Estimates put the percentage of the LGBT+ population in the world at about 5% of the global population[1]. Assuming similar (though more likely lower) proportions for Uganda, it must be said that before we start on the speck of Homosexuality, we must first deal with the absolute truckload of logs of polygamy, pornography, adultery, misogyny, rape, incest, paternal abandonment, masturbation, prostitution, pedophilia, and apathy from law enforcers and communities alike. Simply put, we have so many bigger problems than homosexuality when it comes to living Christianly with respect to sex in this country that it almost feels ridiculous to focus national energy on this particular issue.

If your child walks into your home having absolutely trashed their best clothes rolling in the mud and grass, and now they have a half-cup of milk they’ve spilled down their shirt, would you be reasonable to put all your focus on that half-cup of milk? Raging and chastising them about wasting their clothes by pouring milk on them? You’d be considered foolish even if it were a whole liter of brightly colored strawberry milk. It would seem that your focus is not on the cleanliness of their clothes at all but on some absurd obsession with spilled milk. 

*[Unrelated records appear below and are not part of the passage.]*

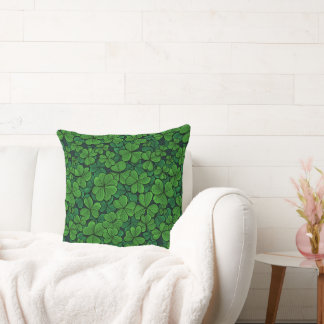 Find the lucky clover 2 cushion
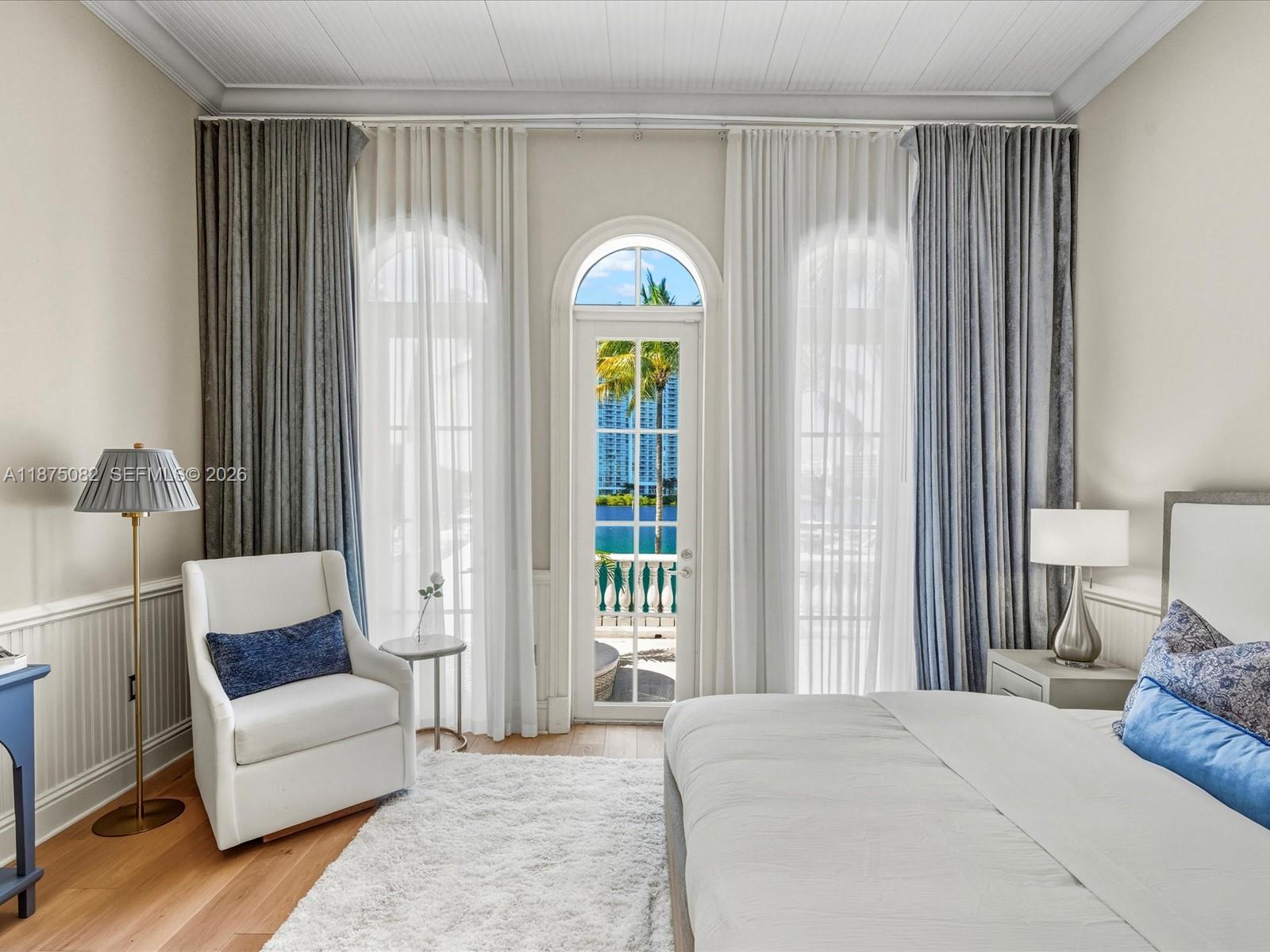 ISLAND ESTATES - Residential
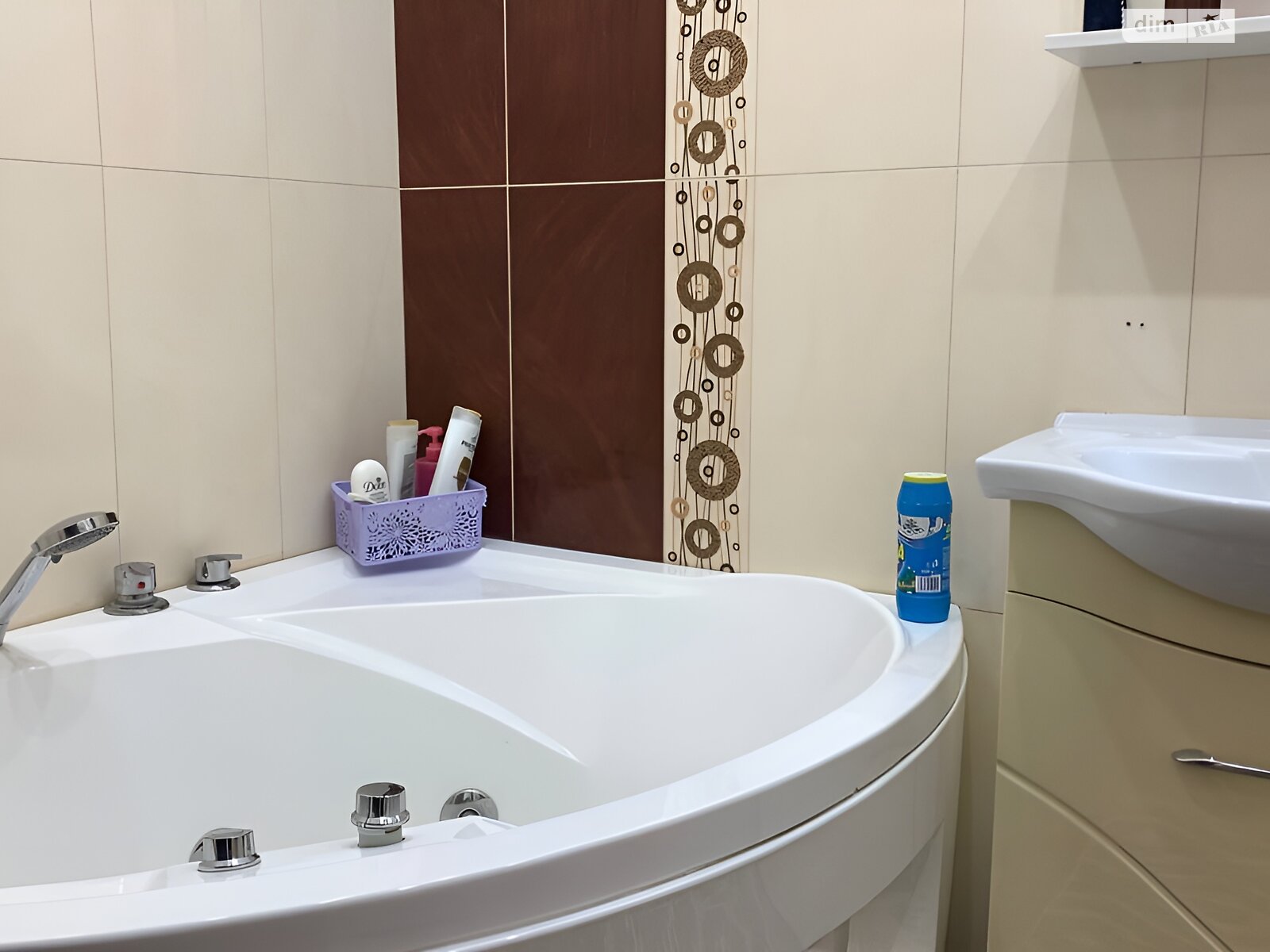 триповерховий таунхаус з мансардним поверхом, 187.8 кв. м, цегла. Продаж в Ірпені, район Ірпінь фото 1 триповерховий таунхаус з мансардним поверхом, 187.8 кв. м, цегла. Продаж в Ірпені, район Ірпінь фото 1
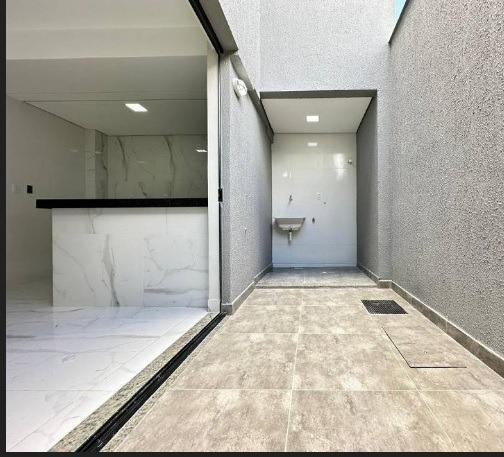 Casa, Santa Mônica, 3 Quartos, 2 Vagas, 1 Suíte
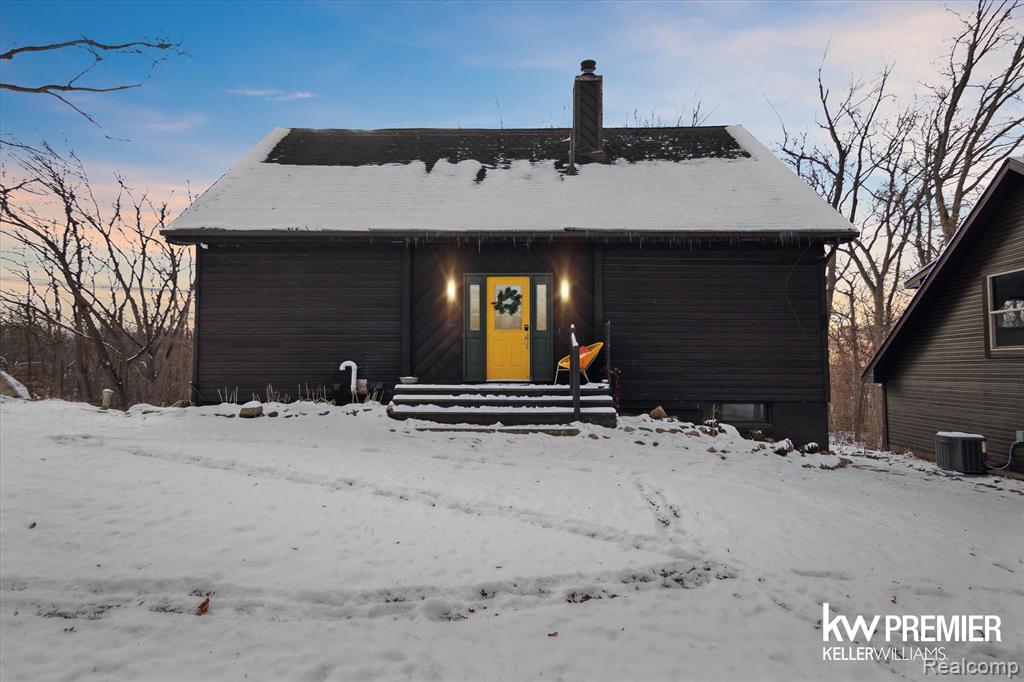 897 Annie Lang Drive, Milford, MI 48381 — front exterior
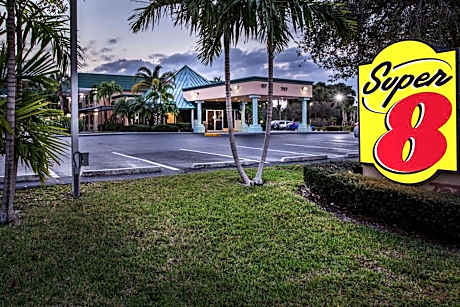 Super 8 by Wyndham North Palm Beach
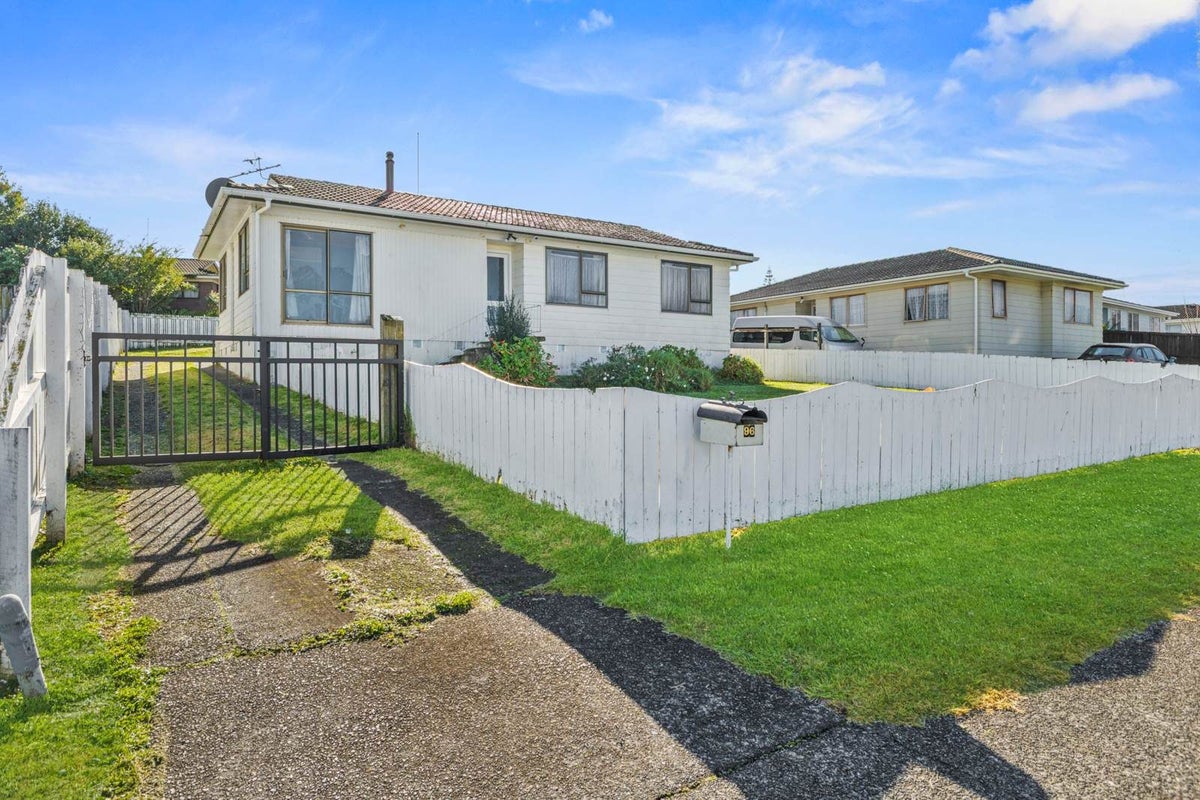 96 Hyperion Drive, Randwick Park, Auckland - Carousel 2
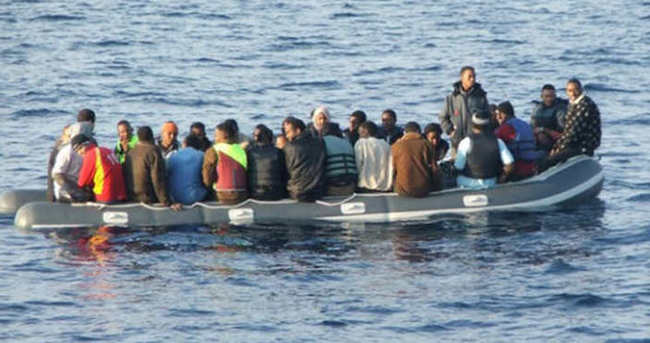 Kaçakları taşıyan tekne battı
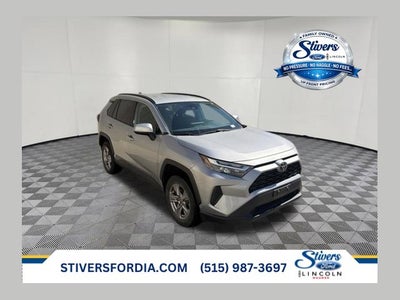 2022 Toyota RAV4 XLE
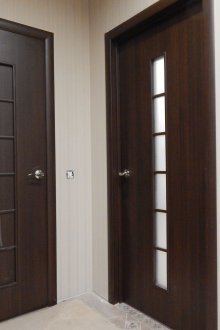Porta interna scura in MDF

Do not forget, dear Christian, that God is not foolish. He wants clean clothes, be they dirtied by milk or the mud of the earth, his standard is perfection (Matthew 5:48). He calls us to it and it’s our job as the salt of the earth, to go where the salt is most needed and, to be quite frank, in our culture, the gay-agenda, doesn’t even feature in our culturally acceptable lapses of moral judgment. Indeed, it is a lapse of judgment that makes us focus on the speck rather than the log. 

At the end of all this, however, we must never forget that there is grace enough for everyone- from the accuser and witch hunter to the complacent Christian, to the Christian in both heterosexual and homosexual sin.  For the person that maintains that the “gay agenda” is the chief of all vices in Uganda, despite all the great sexual sins that darken our holiness; if you assume that the pits of hell burn hotter for “the gays”, please know that there are same-sex attracted people who you shall find in heaven because, despite their heart and body’s inclinations, they did not bow the knee to sin. Also know too, that there will be many vehement opponents of many agendas who, because they were ignorant of their own chief sins, never made it into heaven at all.